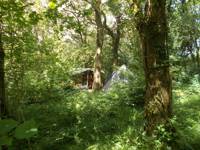 BYO Camping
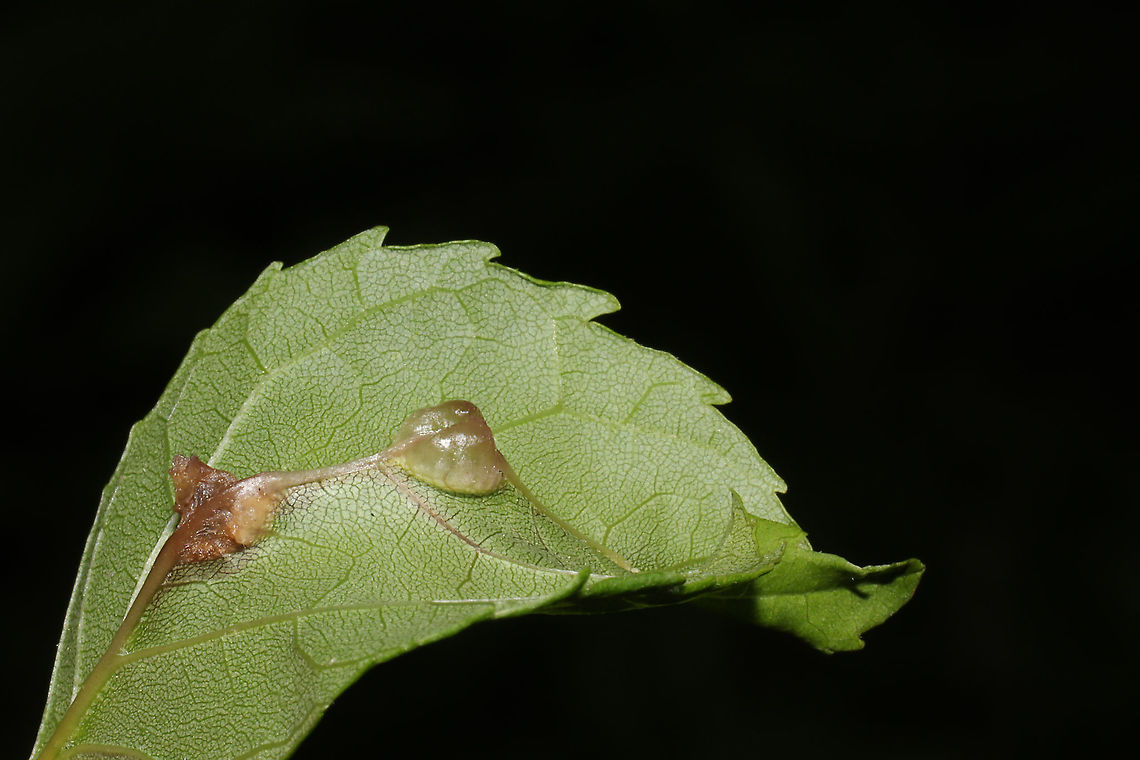 Ash Midrib Galls (Dasineura tumidosae)? Double-checking this ID, but this is the closest I got.<br />
These galls were found on young ash leaf midribs.<br />
<figure class="photo"><a href="https://www.jungledragon.com/image/93875/ash_midrib_galls_dasineura_tumidosae.html" title="Ash Midrib Galls (Dasineura tumidosae)?"><img src="https://s3.amazonaws.com/media.jungledragon.com/images/3231/93875_thumb.jpg?AWSAccessKeyId=05GMT0V3GWVNE7GGM1R2&Expires=1770854410&Signature=7sgVs9vmz3%2BkNQMVeOfCNAwZj60%3D" width="200" height="134" alt="Ash Midrib Galls (Dasineura tumidosae)? Double-checking this ID, but this is the closest I got.<br />
These galls were found on young ash leaf midribs.<br />
https://www.jungledragon.com/image/93874/ash_midrib_galls_dasineura_tumidosae.html Dasineura tumidosae,Geotagged,Spring,United States" /></a></figure> Dasineura tumidosae,Geotagged,Spring,United States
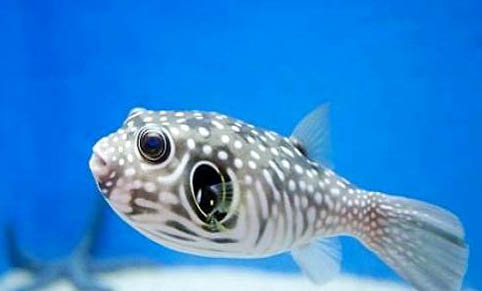 魚類食性有哪些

_WORK REQUEST_:
The records above must be copied exactly, with no pictures carried over.

_COMPLETED EXERCISE_:
 BYO Camping
 Ash Midrib Galls (Dasineura tumidosae)? Double-checking this ID, but this is the closest I got.<br />
These galls were found on young ash leaf midribs.<br />
<figure class="photo"><a href="https://www.jungledragon.com/image/93875/ash_midrib_galls_dasineura_tumidosae.html" title="Ash Midrib Galls (Dasineura tumidosae)?"><img src="https://s3.amazonaws.com/media.jungledragon.com/images/3231/93875_thumb.jpg?AWSAccessKeyId=05GMT0V3GWVNE7GGM1R2&Expires=1770854410&Signature=7sgVs9vmz3%2BkNQMVeOfCNAwZj60%3D" width="200" height="134" alt="Ash Midrib Galls (Dasineura tumidosae)? Double-checking this ID, but this is the closest I got.<br />
These galls were found on young ash leaf midribs.<br />
https://www.jungledragon.com/image/93874/ash_midrib_galls_dasineura_tumidosae.html Dasineura tumidosae,Geotagged,Spring,United States" /></a></figure> Dasineura tumidosae,Geotagged,Spring,United States
 魚類食性有哪些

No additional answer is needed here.